Who even uses the word discombobulated? That is a word that sounds exactly like the way I felt and how my week went–addled, befuddled, rattled, in a tizzy, shook up, off-balance, at sixes and sevens, baffled, flummoxed, jumbled, muddled, and all such other ridiculous crazy synonyms. There were no really bad things that happened. We just kept running around dealing with issue after issue. Time flew by. Almost everything got dealt with but wow! I really need the reprieve that the weekend provides.
At work I had intended to spend much time preparing for a couple of important meetings that are coming up next week. I maybe managed an hour on those tasks. I have been at this job long enough that I know I will manage to do all right, but I won’t feel as prepared as I like to be.

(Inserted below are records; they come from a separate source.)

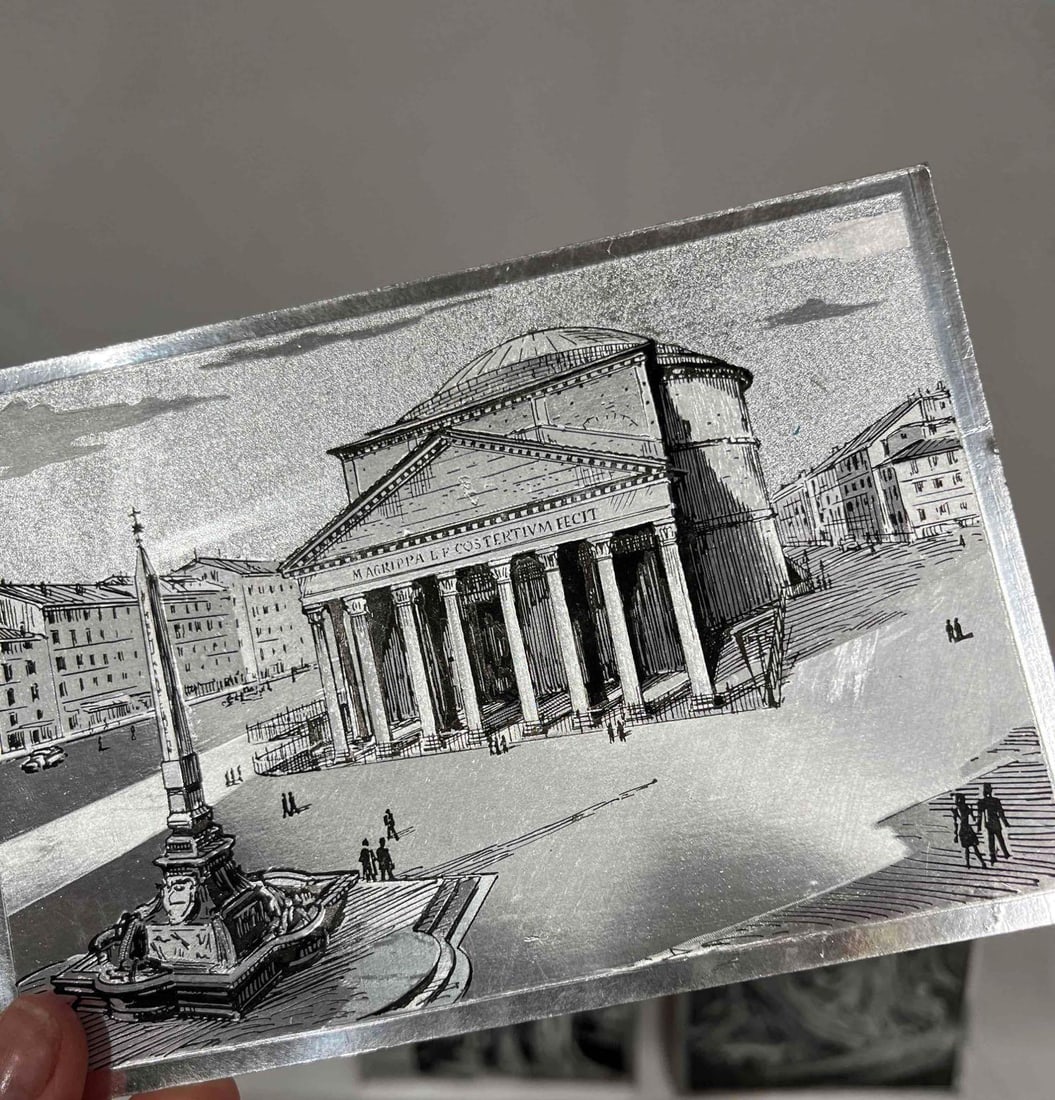 Seven Unique Rome Postcards Set - 4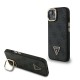 Husa Guess PU 4G Strass Triangle Logo Stand MagSafe pentru iPhone 13, Neagra (Bakr, GUHMP13MPCS4GPTK) by www.silkase.ro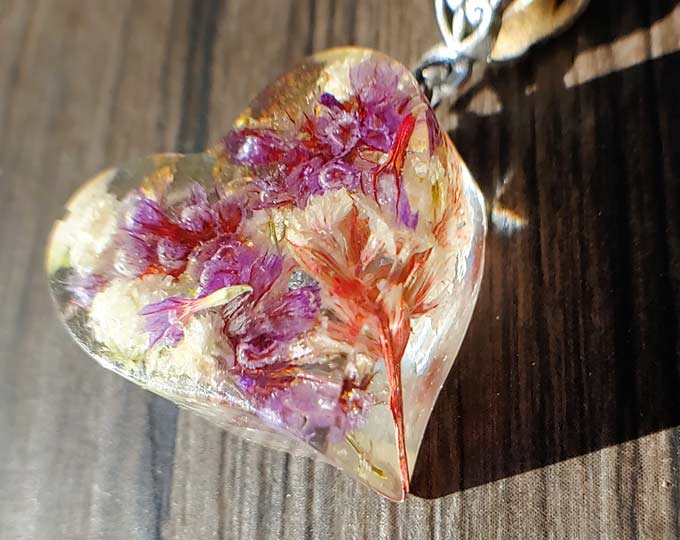 Botanical Heart Necklace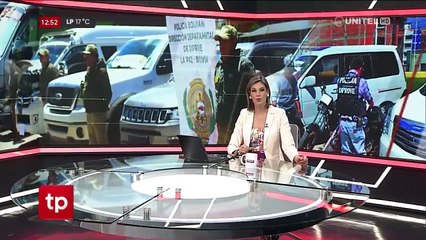 Roban vagoneta de la Alcaldía de La Paz y tras una persecución es recuperada mediante GPS, reporta la Policía  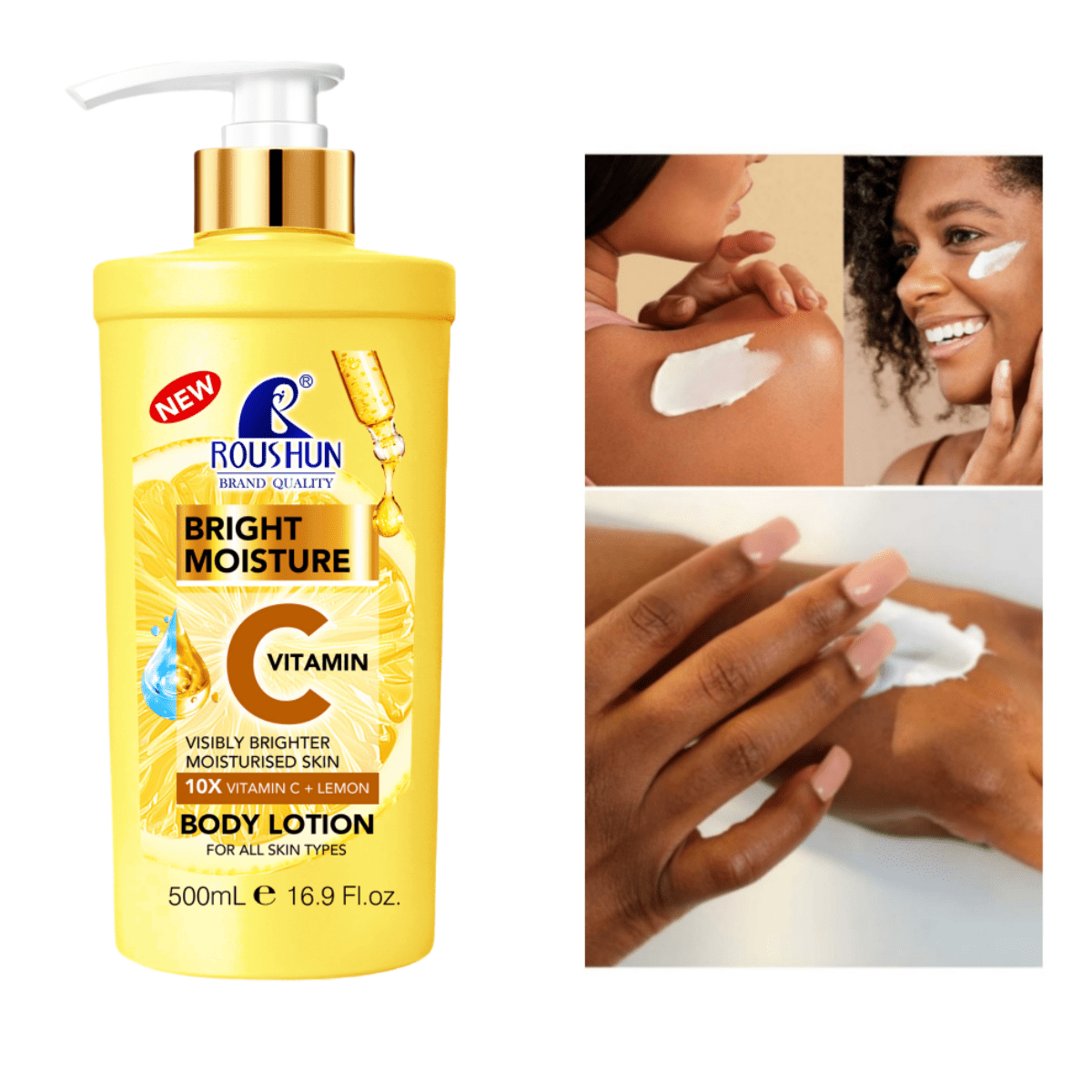 500ml ROU SHUN Vitamin C+Lemon Body Lotion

At home, I had to finish up a project as a gift for my sister/roommate’s birthday which was today. I managed to get it done early this evening but I sure prefer to give myself more time to make sure I am doing a good job. At a different issue, I spent (wasted) a great deal of time looking for photos that where rather urgently requested. I, who am generally a well-organized person, have never done a good job in keeping snapshots in any kind of order. I have several shoe boxes with photos in no particular order. I am full of admiration for those people who have every picture labeled and dated and cataloged. I have never been that person so I end up wasting much time looking for exactly what was needed. For probably the 80th time in my life I vowed to get those pictures organized–and once again I will probably forget that vow until the next time that I am scrambling to come up with a picture.
I did not spend any time with my blog since last Friday night when I posted the previous Casual Friday post. I did not read any other blogs and made no comments. I did not respond to any comments received from others. I did not manage to post even one of my regular posts. It makes me wonder what I possibly was thinking when I gave blogging a try. I do really enjoy it but there are times when it just not seem like a productive way to spend my time. I still am troubled with finding the right balance.
The one thing that I was able to do consistently was my early morning mile walk with my yellow lab. With everything seeming to be disrupted it is great to have one thing that I can be depended on to do. If you could see the look of sadness that my dog has on her face if she doesn’t get that walk, you would understand that I could not live with myself if I let her down. The bad part is that now it is dark when I start out for my walk at 5:45 and it is barely getting light by the time I get home. It feels a little eerie and I am not totally comfortable with that walk in the dark. I may have to adjust our walk.
I am hoping for a calm, quiet weekend so that I can face my rat race come Monday morning. I hope for all of you that your weekend will be all you want it to be.